Quel gusto della spontaneità che distruggeva le superfici pittoriche per cercarvi dietro i pentimenti dell’artista, il primo abbozzo, l’istante dell’ispirazione, andava poi a fare a pezzi le statue affinché ne restassero evocativi frammenti, particolari che si prestavano pure alla allegoria di medioevale tradizione, e infine devastava il giardino all’italiana dove regnava il Logos per imporre quello all’inglese, natura ideata in modo selvaggio e ruderi artefatti. Wordsworth sintetizza: «una sete degradante di stimoli violenti». Gusto del frammento e gusto del barbarismo del resto vanno d’accordo. Non è un caso che la Kabbalah ebraica uscirà dai suoi millenari segreti per diventare breviario estetico della cultura contemporanea: una guida per muoversi in un mondo in frantumi.
«Vollard scherzosamente asseriva di aver visto Rodin che faceva a pezzi delle statue per ricavarne frammenti», racconta Wind, mentre Rilke, assistente spirituale dello scultore in gioventù, sognava una Eleonora Duse che recitasse senza braccia. Aveva cominciato C. D. Friedrich a cancellare il volto, i filosofi francesi alla moda finirono con il predicare nell’ultima parte del Novecento la soppressione totale dell’essere umano, come una figurina sulla sabbia. In mezzo, gli urli espressionisti, la riscoperta dei frammenti dell’incompiuto Woyzeck, i drammaturghi tedeschi che concepivano un teatro di espressioni di una o due sillabe gridate, Schönberg che musicava questi istanti di dolore. Un immenso repertorio di frammenti la cultura di oggi, quasi si fosse al day after della grande catastrofe. L’Apocalisse sa ancora raccontare in una forma composta, in una storia lunga e articolata, in immagini saldamente collegate; l’arte del nostro tempo si vuole già oltre la fine del mondo, post-escatologica, post ogni cosa.

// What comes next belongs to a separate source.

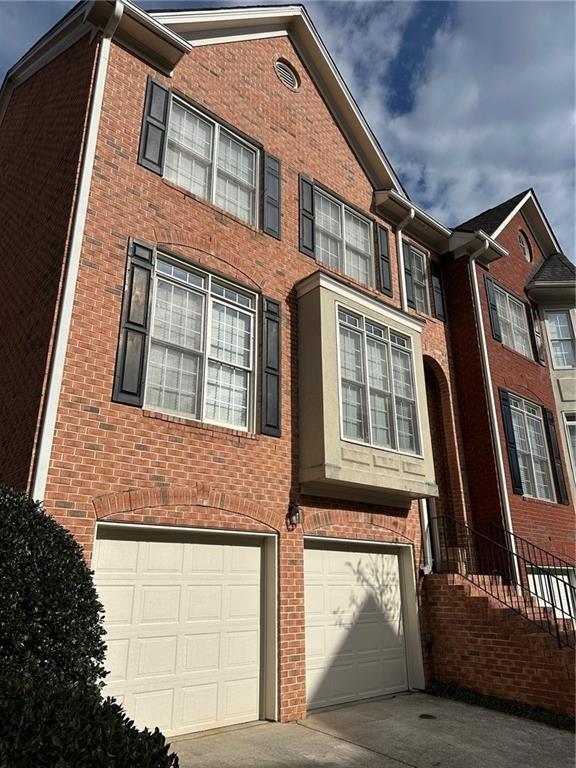 Building Photo - 1296 Dunwoody Cove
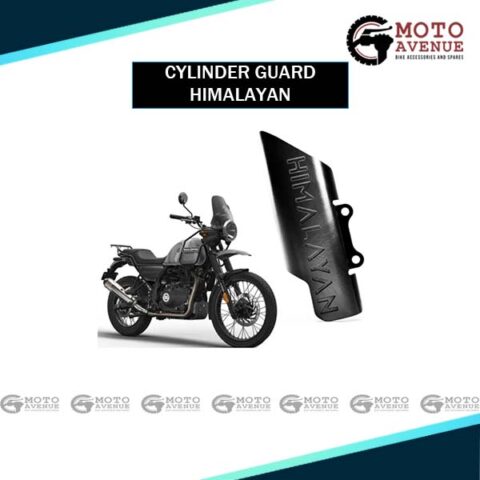 Master Cylinder Guard for Himalayan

Arte da camera, musica da camera, letteratura da camera, intimissima, privata: la cultura dei frammenti si emargina da sola, mai più gli affreschi, le statue, i monumenti, le opere complete, conchiuse. Si definisce «leggera» certa musica (in contrapposizione a quella «forte», come la chiama Quirino Principe che sdegna le debolezze estetiche), ebbene ormai c’è anche un’arte leggera, una cultura leggera, che dominano l’Occidente.